Emma Beddoes

Personal information
- Nationality: British (English)
- Born: 29 August 1985 (age 40) Leamington Spa, England

Sport
- Handedness: Right Handed
- Turned pro: 2003
- Coached by: Richard O'Connor
- Retired: 2016
- Racquet used: Prince

Women's singles
- Highest ranking: No.11 (September 2015)
- Title: 7
- Tour final: 12

Medal record
Women's squash
Representing England
World Team Championships
| Gold medal – first place | 2014 Niagara-on-the-Lake | Team |
Commonwealth Games
| Bronze medal – third place | 2014 Glasgow | Women's doubles |
European Team Championships
| Gold medal – first place | 2011 Espoo | Team |
| Gold medal – first place | 2014 Riccione | Team |
| Gold medal – first place | 2015 Herning | Team |

= Emma Beddoes =

English squash player

Emma Beddoes (born 29 August 1985) is an English former professional squash player. She reached a career-high world ranking of World No. 11 in September 2015.

== Biography ==
Beddoes made her first Tour appearance in 2004 and went on to reach the world's top 50 in less than two years. She won her first Tour title at the 2007 Colombo Open where she defeated number one seed Tricia Chuah in straight games.

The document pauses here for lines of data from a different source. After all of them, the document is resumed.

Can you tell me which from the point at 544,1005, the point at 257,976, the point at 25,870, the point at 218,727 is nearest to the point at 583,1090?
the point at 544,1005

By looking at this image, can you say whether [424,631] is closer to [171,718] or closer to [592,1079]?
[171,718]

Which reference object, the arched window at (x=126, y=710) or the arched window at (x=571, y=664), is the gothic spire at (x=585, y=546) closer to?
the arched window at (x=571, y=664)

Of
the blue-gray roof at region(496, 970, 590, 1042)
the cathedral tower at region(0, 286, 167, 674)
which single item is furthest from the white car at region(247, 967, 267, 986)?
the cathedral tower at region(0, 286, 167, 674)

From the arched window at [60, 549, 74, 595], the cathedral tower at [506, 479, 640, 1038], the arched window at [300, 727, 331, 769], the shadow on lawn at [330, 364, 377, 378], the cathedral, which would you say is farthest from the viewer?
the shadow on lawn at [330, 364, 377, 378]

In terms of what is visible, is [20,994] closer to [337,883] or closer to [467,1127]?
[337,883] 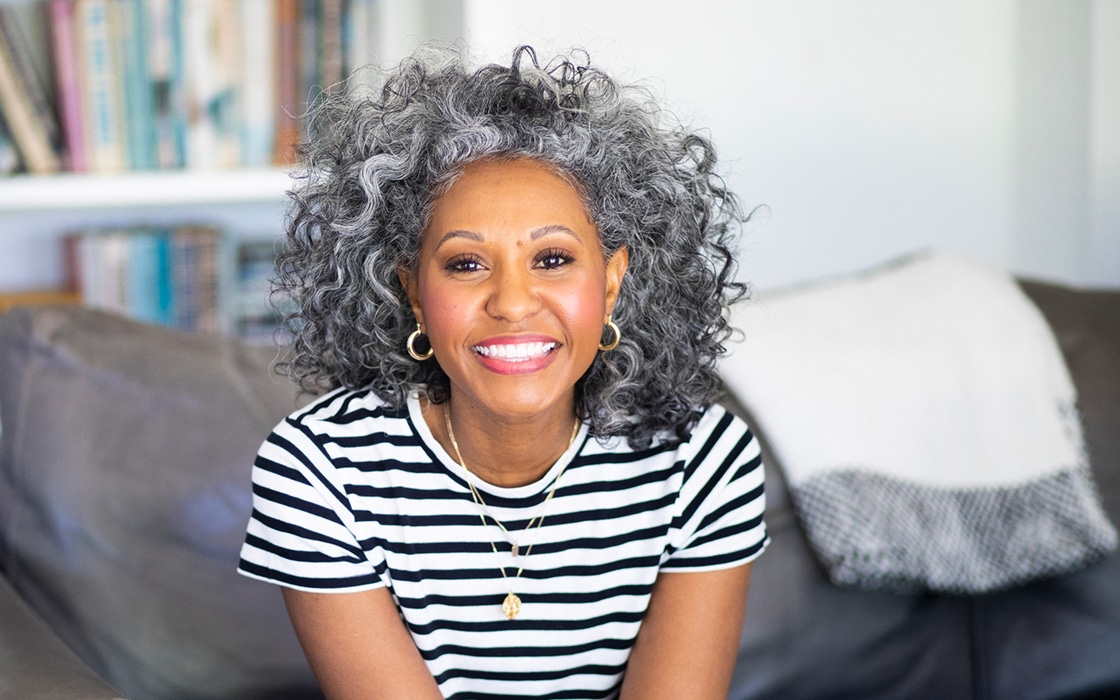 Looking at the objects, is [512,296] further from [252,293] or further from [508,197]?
[252,293]

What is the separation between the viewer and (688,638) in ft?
4.17

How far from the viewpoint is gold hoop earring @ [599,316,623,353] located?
1.28 metres

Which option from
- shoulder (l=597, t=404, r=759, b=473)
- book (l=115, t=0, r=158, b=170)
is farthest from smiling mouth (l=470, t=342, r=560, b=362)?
book (l=115, t=0, r=158, b=170)

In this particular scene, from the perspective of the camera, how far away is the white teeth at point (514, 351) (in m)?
1.14

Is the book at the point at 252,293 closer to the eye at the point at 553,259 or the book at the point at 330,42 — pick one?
the book at the point at 330,42

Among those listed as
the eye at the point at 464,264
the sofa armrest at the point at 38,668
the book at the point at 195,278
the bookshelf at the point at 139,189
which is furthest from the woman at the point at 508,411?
the book at the point at 195,278

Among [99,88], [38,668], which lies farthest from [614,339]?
[99,88]

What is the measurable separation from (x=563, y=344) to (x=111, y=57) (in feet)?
4.11

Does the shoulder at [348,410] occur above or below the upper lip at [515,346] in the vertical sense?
below

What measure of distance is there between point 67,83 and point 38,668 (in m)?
1.25

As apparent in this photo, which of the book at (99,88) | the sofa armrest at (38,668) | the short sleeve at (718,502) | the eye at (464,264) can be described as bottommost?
the sofa armrest at (38,668)

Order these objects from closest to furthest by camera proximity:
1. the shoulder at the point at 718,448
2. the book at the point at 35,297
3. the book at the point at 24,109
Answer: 1. the shoulder at the point at 718,448
2. the book at the point at 24,109
3. the book at the point at 35,297

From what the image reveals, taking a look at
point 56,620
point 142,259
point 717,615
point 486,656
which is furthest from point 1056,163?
point 56,620

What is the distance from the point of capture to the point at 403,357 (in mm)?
1305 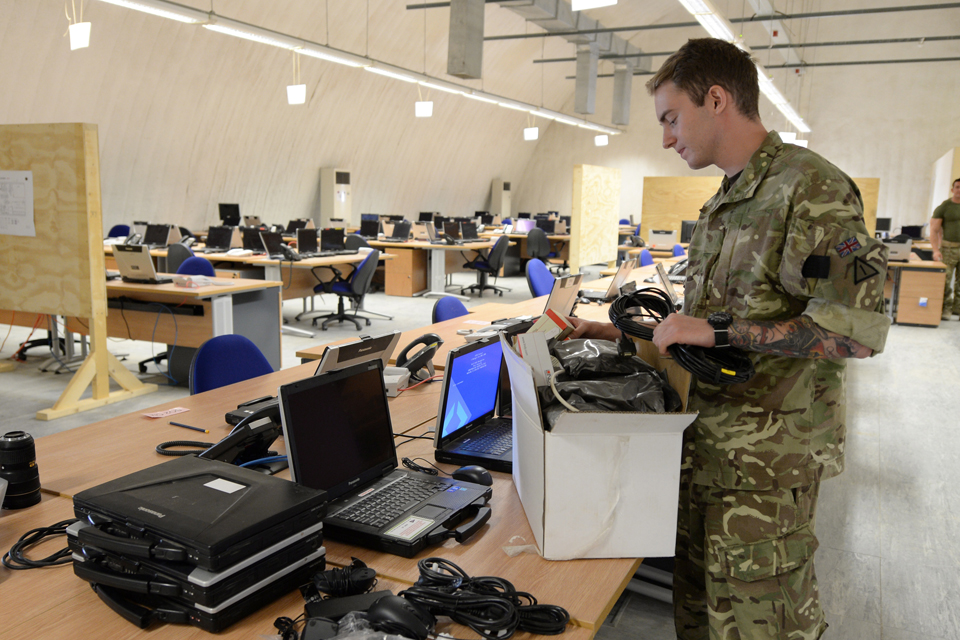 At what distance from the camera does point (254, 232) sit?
8.48m

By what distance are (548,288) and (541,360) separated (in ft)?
15.4

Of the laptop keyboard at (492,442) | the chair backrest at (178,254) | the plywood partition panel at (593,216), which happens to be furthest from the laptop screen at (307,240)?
the laptop keyboard at (492,442)

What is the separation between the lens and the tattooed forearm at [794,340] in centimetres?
133

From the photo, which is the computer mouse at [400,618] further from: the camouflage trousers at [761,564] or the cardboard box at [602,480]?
the camouflage trousers at [761,564]

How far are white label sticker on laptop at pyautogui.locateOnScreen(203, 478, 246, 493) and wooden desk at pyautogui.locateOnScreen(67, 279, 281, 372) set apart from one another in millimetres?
4013

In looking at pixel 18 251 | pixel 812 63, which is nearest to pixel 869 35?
pixel 812 63

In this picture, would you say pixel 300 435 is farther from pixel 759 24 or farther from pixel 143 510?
pixel 759 24

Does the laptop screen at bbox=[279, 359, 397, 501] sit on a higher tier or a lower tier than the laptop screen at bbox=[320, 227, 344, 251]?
lower

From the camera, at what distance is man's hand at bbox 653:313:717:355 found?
1338 millimetres

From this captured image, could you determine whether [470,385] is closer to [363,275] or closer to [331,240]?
[363,275]

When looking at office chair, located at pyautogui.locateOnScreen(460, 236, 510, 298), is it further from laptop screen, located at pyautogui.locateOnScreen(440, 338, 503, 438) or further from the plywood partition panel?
laptop screen, located at pyautogui.locateOnScreen(440, 338, 503, 438)

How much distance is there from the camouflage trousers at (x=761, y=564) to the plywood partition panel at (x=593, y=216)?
249 inches

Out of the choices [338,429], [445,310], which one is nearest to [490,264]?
[445,310]

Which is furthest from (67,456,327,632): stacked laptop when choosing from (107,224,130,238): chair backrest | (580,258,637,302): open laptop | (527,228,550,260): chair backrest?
(527,228,550,260): chair backrest
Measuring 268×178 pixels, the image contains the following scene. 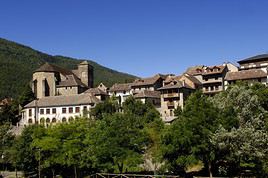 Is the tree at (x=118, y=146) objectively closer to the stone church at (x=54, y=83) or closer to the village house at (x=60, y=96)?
the village house at (x=60, y=96)

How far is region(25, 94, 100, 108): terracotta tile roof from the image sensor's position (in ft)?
284

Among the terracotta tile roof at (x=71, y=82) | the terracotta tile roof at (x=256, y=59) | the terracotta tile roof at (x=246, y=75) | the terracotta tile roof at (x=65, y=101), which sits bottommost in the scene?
the terracotta tile roof at (x=65, y=101)

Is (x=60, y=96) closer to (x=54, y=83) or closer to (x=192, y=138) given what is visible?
(x=54, y=83)

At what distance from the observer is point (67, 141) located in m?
45.1

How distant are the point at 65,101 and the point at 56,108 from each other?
2.69 meters

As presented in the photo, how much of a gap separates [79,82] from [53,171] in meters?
59.4

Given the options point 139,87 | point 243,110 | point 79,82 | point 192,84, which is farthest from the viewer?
point 79,82

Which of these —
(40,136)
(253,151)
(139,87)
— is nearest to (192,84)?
(139,87)

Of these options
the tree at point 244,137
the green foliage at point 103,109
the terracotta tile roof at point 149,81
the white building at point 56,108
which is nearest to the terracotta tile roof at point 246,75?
the terracotta tile roof at point 149,81

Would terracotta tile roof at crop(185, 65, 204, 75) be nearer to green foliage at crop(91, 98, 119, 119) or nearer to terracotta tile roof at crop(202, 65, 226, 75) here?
terracotta tile roof at crop(202, 65, 226, 75)

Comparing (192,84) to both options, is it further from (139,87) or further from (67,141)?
(67,141)

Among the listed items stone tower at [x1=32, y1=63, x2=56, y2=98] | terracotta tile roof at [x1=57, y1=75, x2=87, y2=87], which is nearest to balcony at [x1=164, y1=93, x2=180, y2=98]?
terracotta tile roof at [x1=57, y1=75, x2=87, y2=87]

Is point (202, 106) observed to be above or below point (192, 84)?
below

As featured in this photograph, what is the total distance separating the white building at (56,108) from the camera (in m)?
87.0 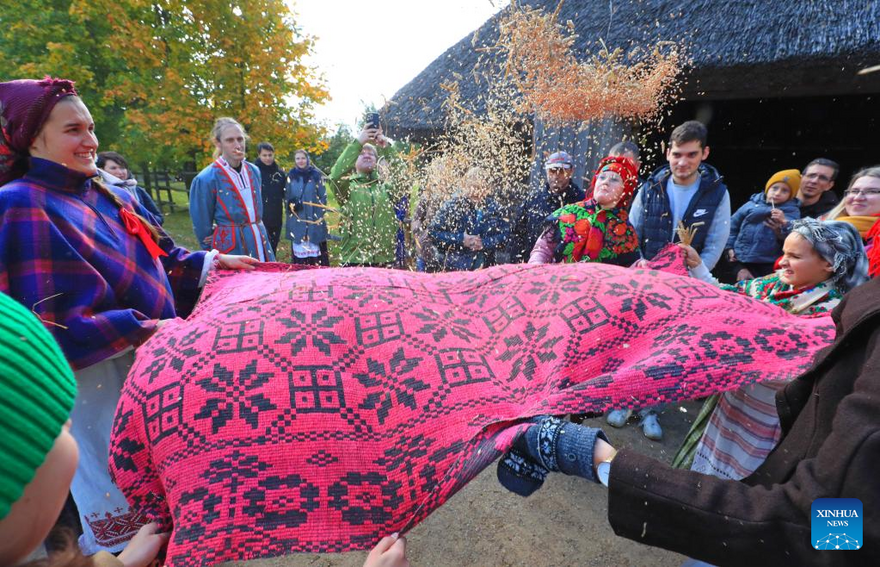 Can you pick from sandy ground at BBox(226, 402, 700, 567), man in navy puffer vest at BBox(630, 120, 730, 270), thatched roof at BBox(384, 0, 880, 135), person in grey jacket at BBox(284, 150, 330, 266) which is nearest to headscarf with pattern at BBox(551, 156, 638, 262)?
man in navy puffer vest at BBox(630, 120, 730, 270)

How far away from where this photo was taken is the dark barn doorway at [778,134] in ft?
22.1

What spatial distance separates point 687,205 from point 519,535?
2591mm

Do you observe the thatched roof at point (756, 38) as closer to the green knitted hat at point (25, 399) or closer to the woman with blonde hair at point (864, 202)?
the woman with blonde hair at point (864, 202)

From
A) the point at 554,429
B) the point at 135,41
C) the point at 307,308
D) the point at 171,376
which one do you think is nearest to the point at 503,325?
the point at 554,429

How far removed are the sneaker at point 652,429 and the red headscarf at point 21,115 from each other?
12.2 ft

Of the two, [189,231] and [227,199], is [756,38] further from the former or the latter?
[189,231]

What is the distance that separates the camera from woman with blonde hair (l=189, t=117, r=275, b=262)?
3.84 metres

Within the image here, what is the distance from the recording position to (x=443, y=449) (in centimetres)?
112

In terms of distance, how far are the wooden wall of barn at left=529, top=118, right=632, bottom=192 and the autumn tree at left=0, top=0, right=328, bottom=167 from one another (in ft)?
15.6

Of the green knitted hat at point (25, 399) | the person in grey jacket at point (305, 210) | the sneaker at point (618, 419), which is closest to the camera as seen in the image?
the green knitted hat at point (25, 399)

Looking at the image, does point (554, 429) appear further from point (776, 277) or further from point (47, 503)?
point (776, 277)

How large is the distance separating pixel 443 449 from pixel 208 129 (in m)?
8.14

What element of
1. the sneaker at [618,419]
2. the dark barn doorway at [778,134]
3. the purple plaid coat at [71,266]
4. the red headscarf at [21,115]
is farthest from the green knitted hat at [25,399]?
the dark barn doorway at [778,134]

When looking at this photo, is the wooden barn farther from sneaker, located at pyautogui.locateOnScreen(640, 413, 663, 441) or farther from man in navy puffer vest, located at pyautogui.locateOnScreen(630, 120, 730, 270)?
sneaker, located at pyautogui.locateOnScreen(640, 413, 663, 441) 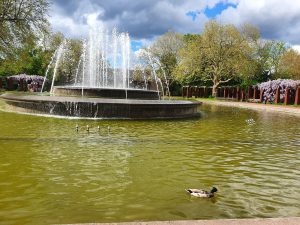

In 2014, she was part of the team that helped England reclaim the world team title by winning the gold medal at the 2014 Women's World Team Squash Championships. Also in 2014, she won the bronze medal at the 2014 Commonwealth Games in Glasgow, Scotland, competing for the 2014 England team in the women's doubles with Alison Waters after they reached the semi-final stage before securing the medal by beating the Australian pair of Rachael Grinham and Kasey Brown.

She won her 10th Tour title at the Emerson RC Pro Series tournament in 2015, where she dropped just one game throughout the event. She retired in April 2016 after earning 25 caps for England and ten tour title wins.

Beddoes won three gold medals for the England women's national squash team at the European Squash Team Championships in 2011, 2014 and 2015.